Speaker tells businessmen they will be taxed
Assembly Speaker Richard Perkins, D-Henderson, told business people Tuesday they are going to pay under any tax plan approved by the 2003 Legislature.
“Any tax bill sent to the governor will need Democratic support, and I can assure you any tax measure leaving the Assembly will include a broad-based business tax,” he said during a statewide telephone news conference.
Perkins said he was making the statement because he resents attempts by business leaders in Nevada to close options that include levies on them even before the legislative session begins in February. He described the tax system in Nevada as “a three-legged stool.”
He said one leg is the people who pay sales and property taxes, and the second is major industries which already pay specific levies — gaming, mining and insurance.

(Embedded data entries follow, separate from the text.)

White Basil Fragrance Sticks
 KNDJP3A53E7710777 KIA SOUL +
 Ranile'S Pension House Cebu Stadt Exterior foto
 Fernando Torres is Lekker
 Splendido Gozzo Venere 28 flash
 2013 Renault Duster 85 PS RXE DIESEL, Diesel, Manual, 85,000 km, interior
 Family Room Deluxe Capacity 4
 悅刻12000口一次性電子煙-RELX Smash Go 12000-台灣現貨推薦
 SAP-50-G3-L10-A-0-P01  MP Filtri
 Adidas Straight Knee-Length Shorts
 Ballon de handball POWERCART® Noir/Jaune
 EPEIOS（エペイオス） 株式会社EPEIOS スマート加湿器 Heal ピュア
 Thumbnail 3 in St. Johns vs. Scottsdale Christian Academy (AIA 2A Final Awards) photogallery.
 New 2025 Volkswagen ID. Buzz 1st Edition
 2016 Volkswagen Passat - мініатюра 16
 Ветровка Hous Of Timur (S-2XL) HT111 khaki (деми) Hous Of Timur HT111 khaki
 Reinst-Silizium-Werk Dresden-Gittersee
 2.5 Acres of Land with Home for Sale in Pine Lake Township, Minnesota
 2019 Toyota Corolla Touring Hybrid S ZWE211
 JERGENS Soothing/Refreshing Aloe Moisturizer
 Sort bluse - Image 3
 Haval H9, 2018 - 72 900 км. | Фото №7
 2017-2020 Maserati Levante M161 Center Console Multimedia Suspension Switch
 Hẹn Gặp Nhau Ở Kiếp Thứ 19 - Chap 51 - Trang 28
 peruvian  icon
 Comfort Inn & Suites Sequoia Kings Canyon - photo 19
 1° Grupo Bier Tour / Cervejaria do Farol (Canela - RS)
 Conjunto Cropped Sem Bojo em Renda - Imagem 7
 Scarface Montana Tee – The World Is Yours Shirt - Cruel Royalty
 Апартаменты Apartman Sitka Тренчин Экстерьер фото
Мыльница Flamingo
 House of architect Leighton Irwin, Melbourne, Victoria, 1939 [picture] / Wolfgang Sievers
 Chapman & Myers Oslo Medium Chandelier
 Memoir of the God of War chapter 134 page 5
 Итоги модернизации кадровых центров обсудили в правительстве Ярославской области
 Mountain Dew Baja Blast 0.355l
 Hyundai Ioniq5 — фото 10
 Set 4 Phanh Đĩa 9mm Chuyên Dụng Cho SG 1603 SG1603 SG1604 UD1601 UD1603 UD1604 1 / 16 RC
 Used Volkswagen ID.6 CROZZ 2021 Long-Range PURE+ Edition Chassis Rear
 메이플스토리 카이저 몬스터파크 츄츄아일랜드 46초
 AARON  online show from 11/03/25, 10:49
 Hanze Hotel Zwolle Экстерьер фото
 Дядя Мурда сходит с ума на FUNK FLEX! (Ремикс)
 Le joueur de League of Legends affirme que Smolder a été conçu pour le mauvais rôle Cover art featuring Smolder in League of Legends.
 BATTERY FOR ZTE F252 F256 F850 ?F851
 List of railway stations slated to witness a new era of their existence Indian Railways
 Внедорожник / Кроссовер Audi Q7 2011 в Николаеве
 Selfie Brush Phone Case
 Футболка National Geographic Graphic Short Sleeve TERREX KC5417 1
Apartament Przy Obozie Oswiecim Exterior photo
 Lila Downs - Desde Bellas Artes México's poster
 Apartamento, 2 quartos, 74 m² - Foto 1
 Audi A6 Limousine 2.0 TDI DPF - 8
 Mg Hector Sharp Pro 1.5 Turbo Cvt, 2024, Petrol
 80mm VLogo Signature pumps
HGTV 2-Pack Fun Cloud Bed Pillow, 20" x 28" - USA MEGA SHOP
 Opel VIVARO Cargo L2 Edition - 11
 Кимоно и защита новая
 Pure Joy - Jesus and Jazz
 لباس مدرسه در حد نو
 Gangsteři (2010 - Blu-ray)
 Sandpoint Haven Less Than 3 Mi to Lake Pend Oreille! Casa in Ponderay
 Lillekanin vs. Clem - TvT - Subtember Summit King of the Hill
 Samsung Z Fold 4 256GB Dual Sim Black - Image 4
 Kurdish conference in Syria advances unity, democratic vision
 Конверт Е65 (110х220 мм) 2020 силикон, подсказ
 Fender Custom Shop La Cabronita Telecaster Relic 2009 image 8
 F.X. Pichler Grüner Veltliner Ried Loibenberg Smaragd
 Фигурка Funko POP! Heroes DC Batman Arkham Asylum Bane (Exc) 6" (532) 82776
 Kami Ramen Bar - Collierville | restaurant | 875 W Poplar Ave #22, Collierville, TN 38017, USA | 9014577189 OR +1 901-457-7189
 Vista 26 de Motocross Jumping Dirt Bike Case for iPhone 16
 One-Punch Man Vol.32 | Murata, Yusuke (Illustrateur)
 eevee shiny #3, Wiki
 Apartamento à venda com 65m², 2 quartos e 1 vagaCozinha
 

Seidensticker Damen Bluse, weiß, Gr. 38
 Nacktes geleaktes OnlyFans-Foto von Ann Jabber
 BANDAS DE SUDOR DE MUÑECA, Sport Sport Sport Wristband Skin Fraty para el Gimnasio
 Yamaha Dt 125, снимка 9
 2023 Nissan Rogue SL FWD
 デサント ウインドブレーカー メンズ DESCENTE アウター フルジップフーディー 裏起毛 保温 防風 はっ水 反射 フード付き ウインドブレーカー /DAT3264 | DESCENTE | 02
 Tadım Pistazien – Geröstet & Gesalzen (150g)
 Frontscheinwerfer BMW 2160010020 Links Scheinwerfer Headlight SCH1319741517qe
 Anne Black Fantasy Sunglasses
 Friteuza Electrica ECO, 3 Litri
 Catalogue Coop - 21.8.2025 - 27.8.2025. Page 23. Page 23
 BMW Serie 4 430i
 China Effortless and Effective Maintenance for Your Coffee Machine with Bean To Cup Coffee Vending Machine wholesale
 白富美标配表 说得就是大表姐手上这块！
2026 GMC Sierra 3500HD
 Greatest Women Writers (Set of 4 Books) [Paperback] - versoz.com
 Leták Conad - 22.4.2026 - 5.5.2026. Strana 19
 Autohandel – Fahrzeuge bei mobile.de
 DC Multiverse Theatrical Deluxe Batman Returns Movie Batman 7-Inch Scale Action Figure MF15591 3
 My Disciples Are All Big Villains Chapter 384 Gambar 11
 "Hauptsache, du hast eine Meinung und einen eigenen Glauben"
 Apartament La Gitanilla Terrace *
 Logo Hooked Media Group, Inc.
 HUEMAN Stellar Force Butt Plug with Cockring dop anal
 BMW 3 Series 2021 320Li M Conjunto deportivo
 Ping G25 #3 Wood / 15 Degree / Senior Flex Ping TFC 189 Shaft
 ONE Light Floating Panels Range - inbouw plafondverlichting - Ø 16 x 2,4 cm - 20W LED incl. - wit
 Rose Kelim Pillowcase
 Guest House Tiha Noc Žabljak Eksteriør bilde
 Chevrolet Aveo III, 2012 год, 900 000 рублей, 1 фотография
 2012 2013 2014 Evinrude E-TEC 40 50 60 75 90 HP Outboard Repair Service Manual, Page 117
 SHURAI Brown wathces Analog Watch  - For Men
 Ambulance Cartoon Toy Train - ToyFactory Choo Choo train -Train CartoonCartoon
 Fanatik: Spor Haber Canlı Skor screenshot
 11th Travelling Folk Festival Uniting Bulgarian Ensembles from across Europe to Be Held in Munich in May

“The third leg is the big business community who, right now, pay next to nothing,” Perkins said.
He called for “new taxes on the largely untaxed big business community so we can create a community of equals.”
Asked about the threat some businesses would leave the state if they are hit with taxes, Perkins said he doesn’t believe that.
“I think I’m willing to call that bluff,” he said. “I don’t think it’s going to happen.”
Perkins said business leaders have been telling lawmakers and the governor for more than two years that they would “step up to the plate” and help with the added revenues needed by the state. But they have apparently backed off that pledge.
“I’m deeply disappointed in groups and individuals who seem to be discounting the report,” he said. “These people are declaring themselves unavailable to help remedy the problems they helped create.”
He said business people who said last year they would help are now playing “hide and seek” to evade new taxes.
Perkins said Gov. Kenny Guinn and the Legislature have worked for four years to reduce waste in government and that he doesn’t buy the arguments enough waste can be trimmed from the budget to make tax increases unnecessary.
He said that would result in $30 million to $40 million in cuts at most — a fraction of the estimated $800 Guinn says is needed to maintain existing services.
He said newly elected lawmakers who ran promising no tax hikes can’t square that with their pledges to improve public education and public safety.
“At some point in time, we’ve got to sit down with folks and ask them what kind of Nevada do you want to be part of 10 years from now,” he said.
Perkins said the answer is “a broad-based tax plan that treats everyone fairly and includes the business community.”
He urged all members of the Legislature to begin the session with an open mind on what should be included in that plan and advised business lobbyists not to try narrow the Legislature’s options before the session begins.